Using the data below, set down every line from the one containing "baby - that" through the one containing "who live by the sea? What is their main", inclusive and unchanged. Pictures are to be skipped.

[Data records]
##############################
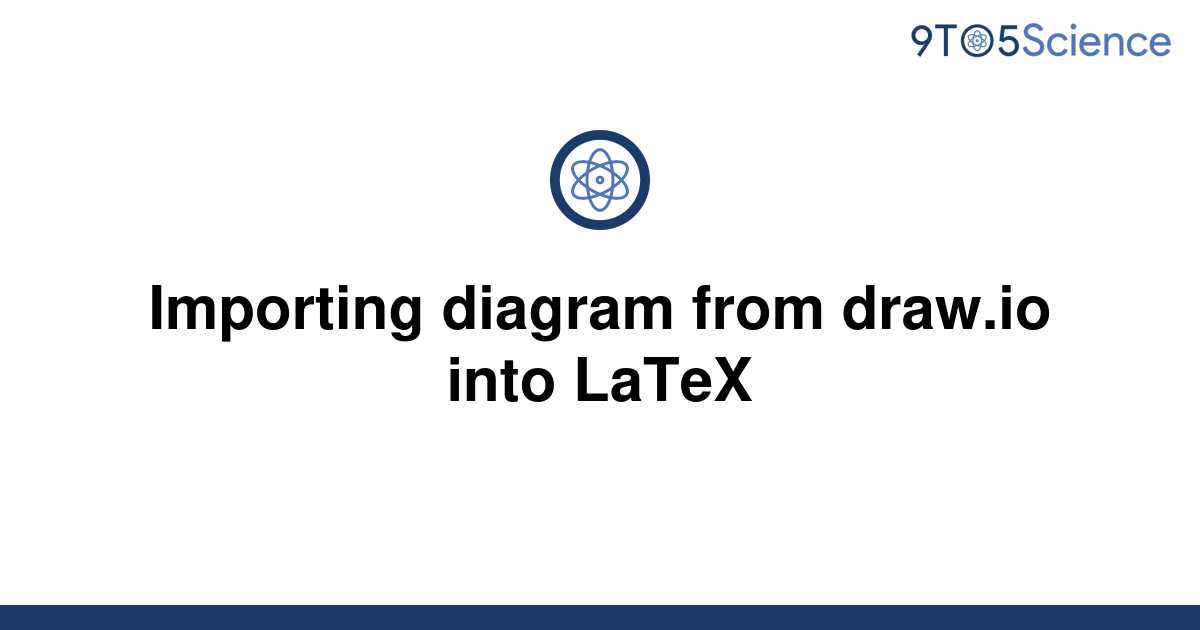 [Solved] Importing diagram from draw.io into LaTeX 9to5Science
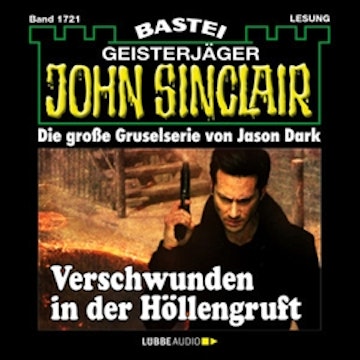 Verschwunden in der Höllengruft (John Sinclair, Band 1721)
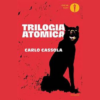 Trilogia atomica di Carlo Cassola a cura di Elisabetta Risari | 4/09/2023 | Il Timone Libri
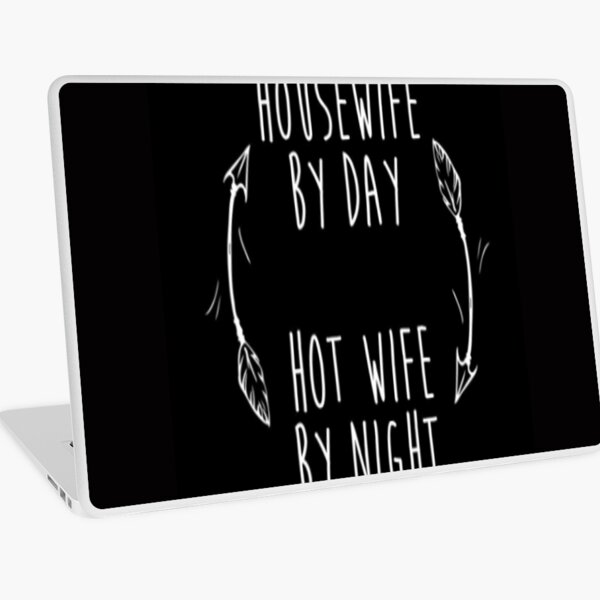 Item preview, Housewife by day hot wife by night designed and sold by michael4209.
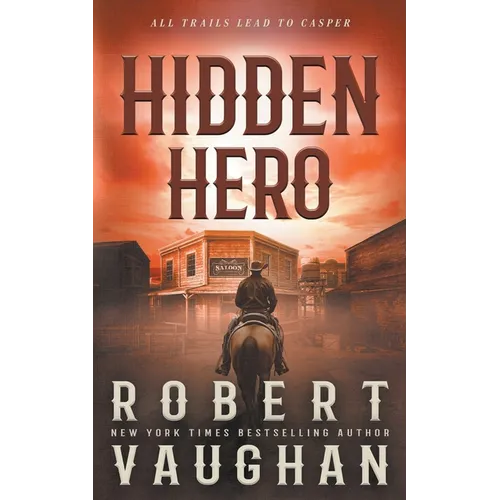 Hidden Hero: A Classic Western Novel - Paperback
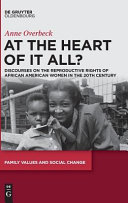 At the Heart of it All?: Discourses on the Reproductive Rights of African American Women in the 20th Century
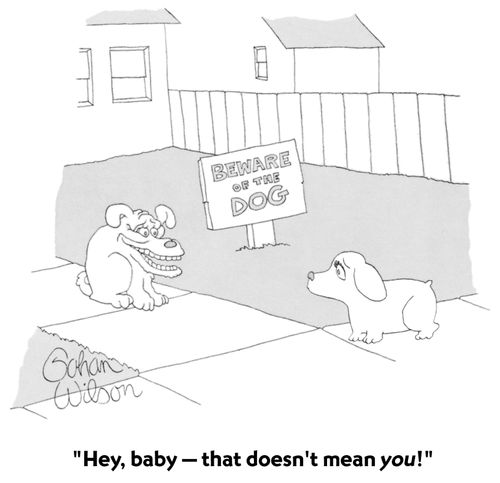 "Hey, baby - that doesn't mean you!"
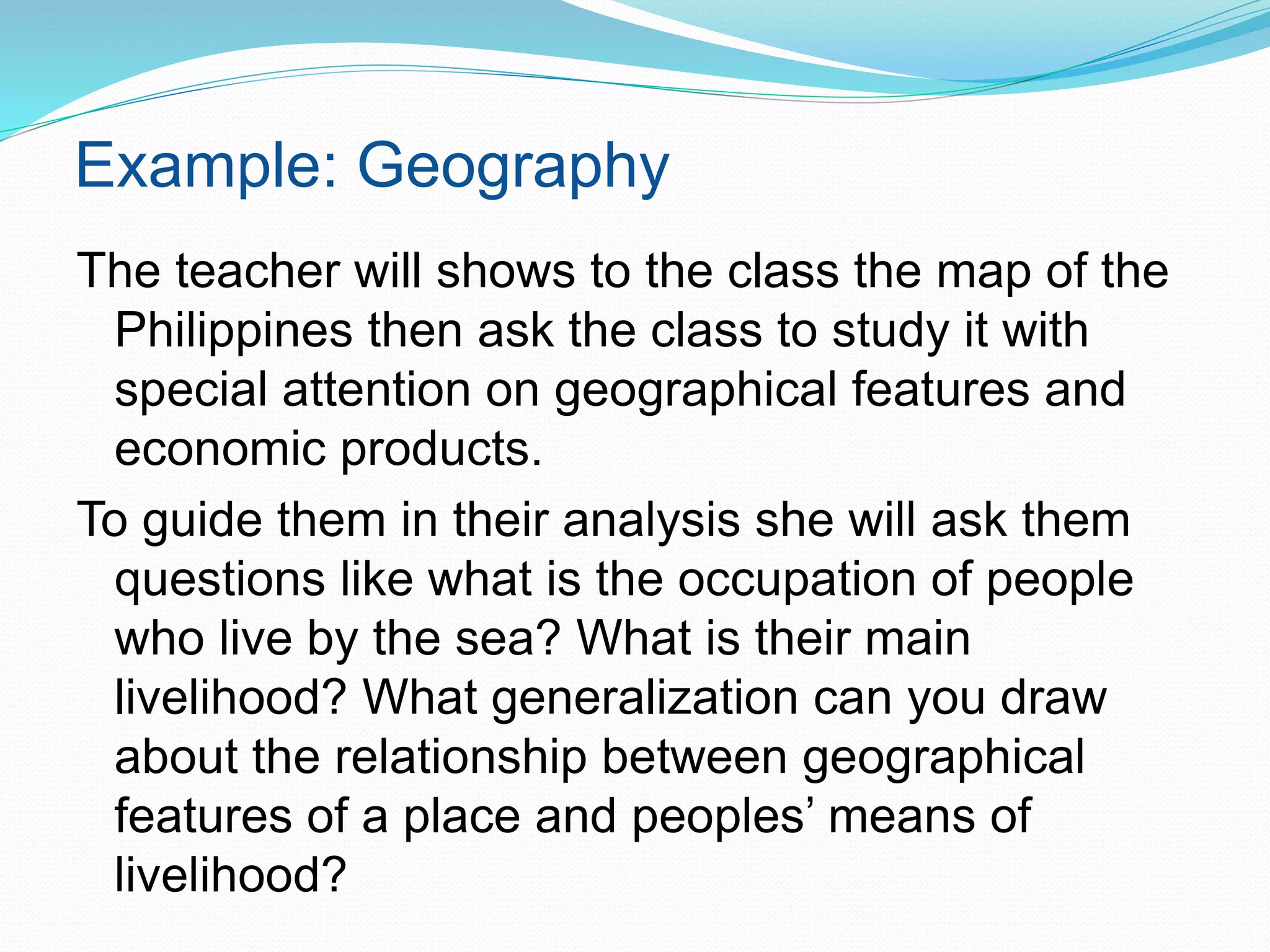 Example: Geography
The teacher will shows to the class the map of the
Philippines then ask the class to study it with
special attention on geographical features and
economic products.
To guide them in their analysis she will ask them
questions like what is the occupation of people
who live by the sea? What is their main
livelihood? What generalization can you draw
about the relationship between geographical
features of a place and peoples’ means of
livelihood?
 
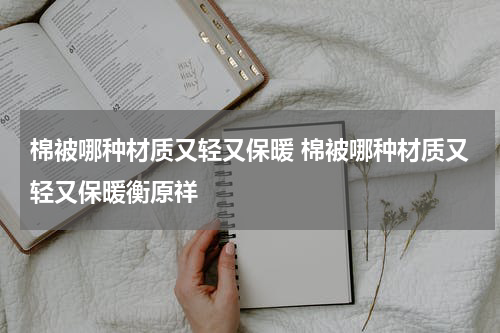 棉被哪种材质又轻又保暖 棉被哪种材质又轻又保暖衡原祥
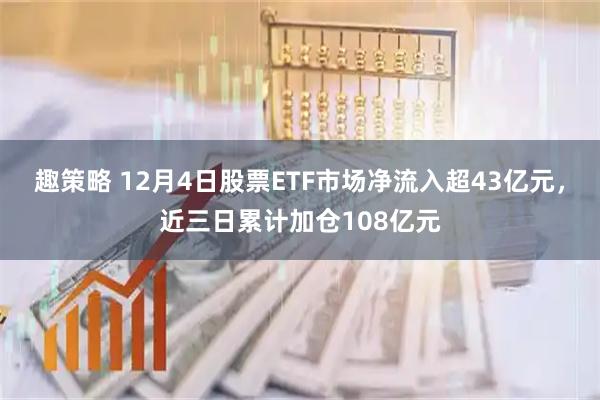 趣策略 12月4日股票ETF市场净流入超43亿元，近三日累计加仓108亿元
##############################
TASK RESPONSE:
 "Hey, baby - that doesn't mean you!"
 Example: Geography
The teacher will shows to the class the map of the
Philippines then ask the class to study it with
special attention on geographical features and
economic products.
To guide them in their analysis she will ask them
questions like what is the occupation of people
who live by the sea? What is their main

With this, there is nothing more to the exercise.